My son and I saw Dawn of the Planet of the Apes a couple weeks ago at our local drive-in theater. Having seen the original (not the original original, but the first in this series) when it came out, I hoped the sequel would live up to it. Although it was good and I was not disappointed, at least I didn’t cry during this one.
The movie picks up about ten years after the first one ended. A simian flu, created by scientists performing experiments on chimps, has decimated the human population. A group of chimps, led by Caesar, the first movie’s hero, is living peacefully in the woods outside of San Francisco. They are disturbed by a small group of humans who have been sent into the woods to the river to try to locate a way to get the city back on the grid. Caesar tries to keep the peace between the chimps and humans, but Koba, a rival chimp who endured painful lab experiments performed by humans, has other plans. He frames a human for injuring Caesar, and leads the other chimps, except for Caesar’s most loyal subjects, into war with the humans. A human leader, who lost his family to the flu, does not hesitate to try to kill the chimps either. The movie does not end in a clear resolution; it pretty much sets the scene for the next film in the franchise.

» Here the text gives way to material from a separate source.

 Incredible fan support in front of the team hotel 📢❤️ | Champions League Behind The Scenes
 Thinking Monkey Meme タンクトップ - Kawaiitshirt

Regardless, I felt like the movie continued in the same vein as the original. The themes that stood out were that kindness begets kindness and cruelty begets cruelty. The war-mongering chimp and human both showed a kind of evil. However, it was understandable to see how their hatred evolved.
One of the most memorable lines in the film is spoken by Caesar, who says “I thought apes were better than humans, but we are not. We are the same.”